From the line containing "to market CDM" to the line containing "You do not really" in the records below, set down every line exactly as it stands, both ends included, and skip the pictures.

-------- SUPPLIED ENTRIES

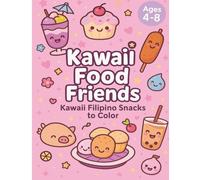 Kawaii Food Friends: Kawaii Filipino Snacks to Color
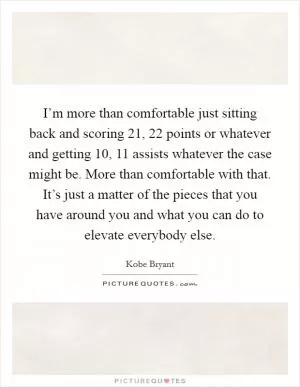 I’m more than comfortable just sitting back and scoring 21, 22 points or whatever and getting 10, 11 assists whatever the case might be. More than comfortable with that. It’s just a matter of the pieces that you have around you and what you can do to elevate everybody else Picture Quote #1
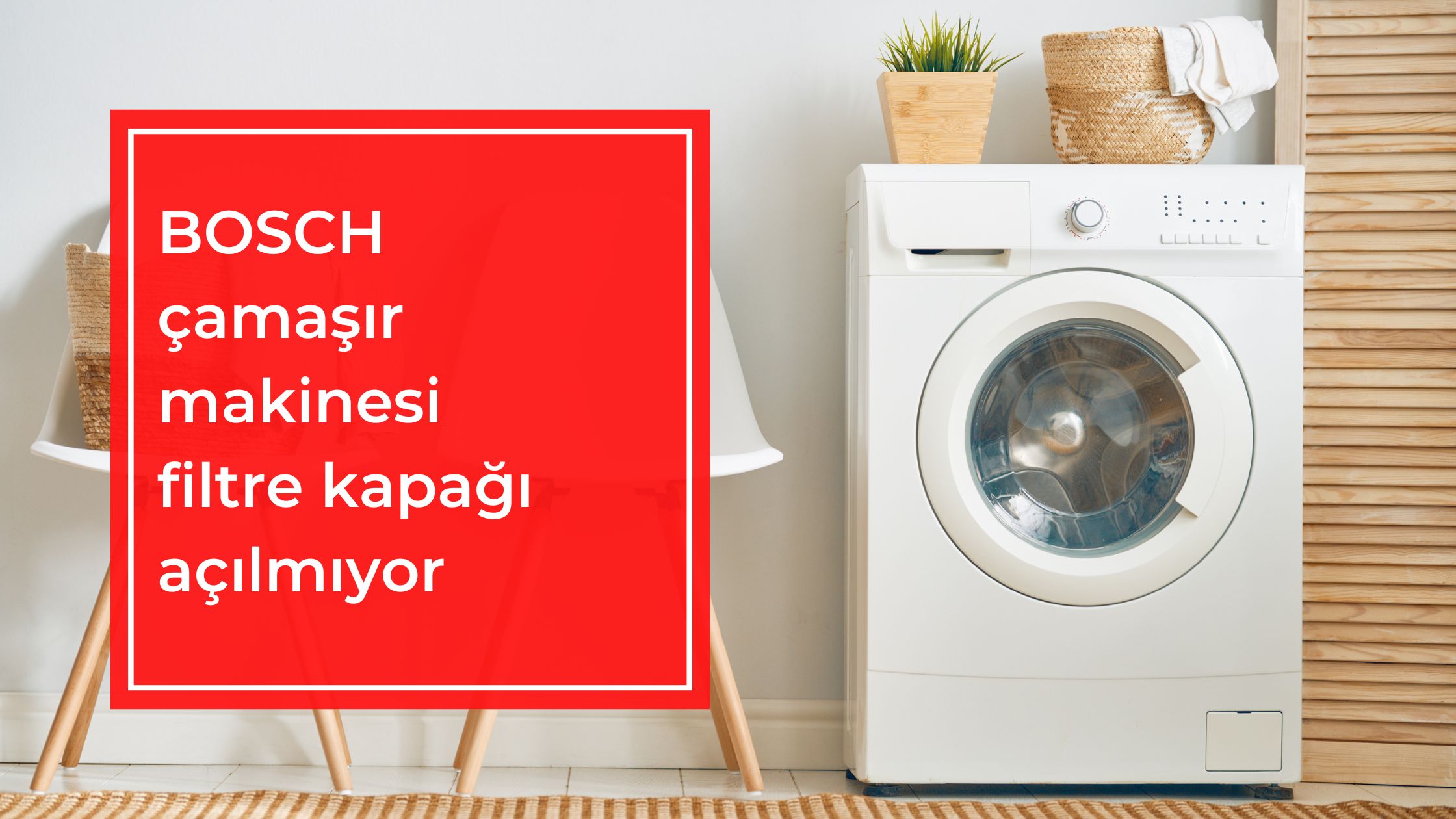 BOSCH Çamaşır Makinesi Filtre Kapağı Açılmıyor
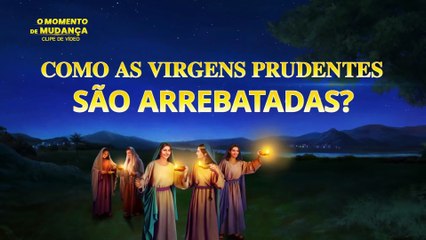 Filme evangélico "O momento de mudança" Trecho 1 – Como as virgens prudentes são arrebatadas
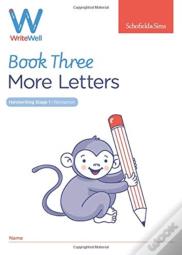 Writewell 3: More Letters, Early Years Foundation Stage, Ages 4-5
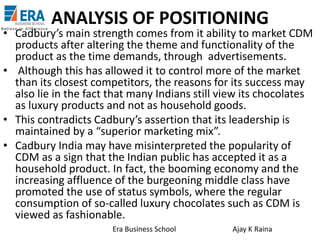 ANALYSIS OF POSITIONING

• Cadbury’s main strength comes from it ability to market CDM
products after altering the theme and functionality of the
product as the time demands, through advertisements.
• Although this has allowed it to control more of the market
than its closest competitors, the reasons for its success may
also lie in the fact that many Indians still view its chocolates
as luxury products and not as household goods.
• This contradicts Cadbury’s assertion that its leadership is
maintained by a “superior marketing mix”.
• Cadbury India may have misinterpreted the popularity of
CDM as a sign that the Indian public has accepted it as a
household product. In fact, the booming economy and the
increasing affluence of the burgeoning middle class have
promoted the use of status symbols, where the regular
consumption of so-called luxury chocolates such as CDM is
viewed as fashionable.
Era Business School

Ajay K Raina

 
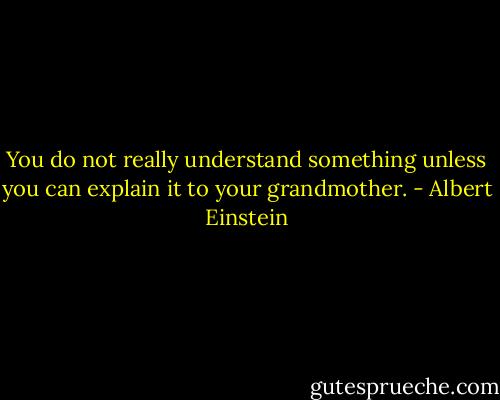 You do not really understand something unless you can explain it to your grandmother. - Albert Einstein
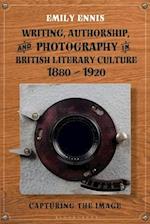Writing, Authorship and Photography in British Literary Culture, 1880 - 1920: Capturing the Image 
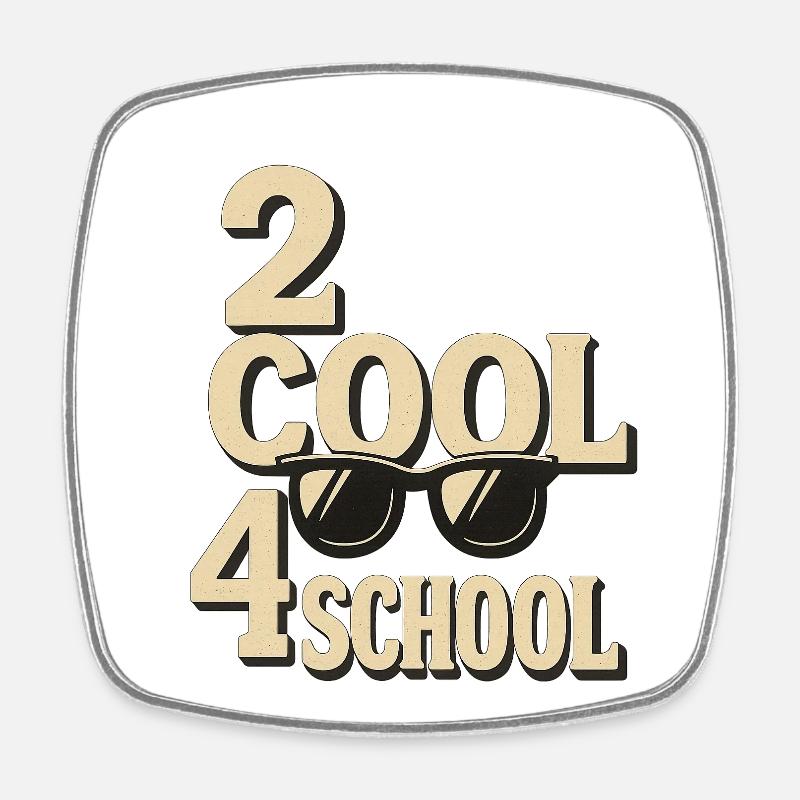 2 cool 4 school - Square fridge magnet - white
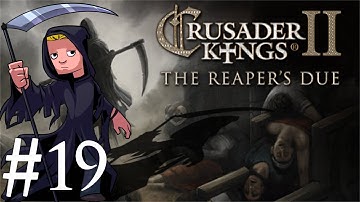 Crusader Kings 2 | The Reapers Due | Part 19 | The Black Death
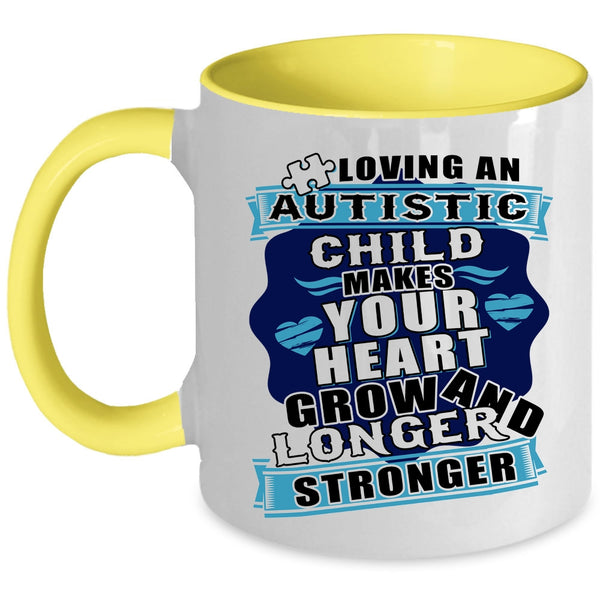 Longer And Stronger Coffee Mug, Loving An Autistic Child Makes Your Heart Grow Accent Mug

----------------

SOLUTION TO THE EXERCISE:
• Cadbury’s main strength comes from it ability to market CDM
products after altering the theme and functionality of the
product as the time demands, through advertisements.
• Although this has allowed it to control more of the market
than its closest competitors, the reasons for its success may
also lie in the fact that many Indians still view its chocolates
as luxury products and not as household goods.
• This contradicts Cadbury’s assertion that its leadership is
maintained by a “superior marketing mix”.
• Cadbury India may have misinterpreted the popularity of
CDM as a sign that the Indian public has accepted it as a
household product. In fact, the booming economy and the
increasing affluence of the burgeoning middle class have
promoted the use of status symbols, where the regular
consumption of so-called luxury chocolates such as CDM is
viewed as fashionable.
Era Business School

Ajay K Raina

 
 You do not really understand something unless you can explain it to your grandmother. - Albert Einstein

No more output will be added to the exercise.